**Problem description:** Lines with the word "your" in them are the ones to copy from the records.

**Given data:**
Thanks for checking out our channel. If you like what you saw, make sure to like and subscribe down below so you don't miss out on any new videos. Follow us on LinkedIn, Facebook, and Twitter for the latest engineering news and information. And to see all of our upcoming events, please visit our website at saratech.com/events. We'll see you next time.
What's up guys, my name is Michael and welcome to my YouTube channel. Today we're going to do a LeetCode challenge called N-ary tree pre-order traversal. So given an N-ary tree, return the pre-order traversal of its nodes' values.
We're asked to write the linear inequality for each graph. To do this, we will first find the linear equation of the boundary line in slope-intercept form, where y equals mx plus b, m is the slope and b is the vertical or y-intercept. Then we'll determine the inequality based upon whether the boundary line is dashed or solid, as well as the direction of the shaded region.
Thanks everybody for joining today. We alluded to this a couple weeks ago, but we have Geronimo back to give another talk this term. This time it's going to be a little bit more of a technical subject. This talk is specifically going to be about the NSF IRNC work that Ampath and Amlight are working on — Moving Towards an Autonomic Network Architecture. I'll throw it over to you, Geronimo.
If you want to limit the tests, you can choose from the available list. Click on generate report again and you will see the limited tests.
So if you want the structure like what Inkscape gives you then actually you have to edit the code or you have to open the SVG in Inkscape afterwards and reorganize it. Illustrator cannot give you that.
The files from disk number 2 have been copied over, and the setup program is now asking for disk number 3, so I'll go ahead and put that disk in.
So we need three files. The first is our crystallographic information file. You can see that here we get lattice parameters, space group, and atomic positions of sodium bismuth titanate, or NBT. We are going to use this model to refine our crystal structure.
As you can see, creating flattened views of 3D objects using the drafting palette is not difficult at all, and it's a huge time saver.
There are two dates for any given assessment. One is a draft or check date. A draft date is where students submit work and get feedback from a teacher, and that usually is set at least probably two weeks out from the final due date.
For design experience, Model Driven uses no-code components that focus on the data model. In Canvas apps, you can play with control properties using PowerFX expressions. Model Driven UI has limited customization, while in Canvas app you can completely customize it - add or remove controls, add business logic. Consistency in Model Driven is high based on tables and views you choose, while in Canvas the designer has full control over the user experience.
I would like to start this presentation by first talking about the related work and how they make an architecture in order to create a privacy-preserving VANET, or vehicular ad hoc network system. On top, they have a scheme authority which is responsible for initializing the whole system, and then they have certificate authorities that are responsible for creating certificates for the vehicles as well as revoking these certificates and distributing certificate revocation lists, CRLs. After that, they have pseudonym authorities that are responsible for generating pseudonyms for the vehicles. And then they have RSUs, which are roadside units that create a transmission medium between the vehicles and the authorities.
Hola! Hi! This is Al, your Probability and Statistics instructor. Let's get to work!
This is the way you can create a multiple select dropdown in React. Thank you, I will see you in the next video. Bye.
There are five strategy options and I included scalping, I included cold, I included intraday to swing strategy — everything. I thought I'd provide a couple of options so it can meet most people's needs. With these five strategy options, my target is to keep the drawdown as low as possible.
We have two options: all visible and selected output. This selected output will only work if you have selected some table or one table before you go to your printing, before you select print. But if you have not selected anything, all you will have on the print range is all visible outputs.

**Response to this exercise:**
Hola! Hi! This is Al, your Probability and Statistics instructor. Let's get to work!
We have two options: all visible and selected output. This selected output will only work if you have selected some table or one table before you go to your printing, before you select print. But if you have not selected anything, all you will have on the print range is all visible outputs.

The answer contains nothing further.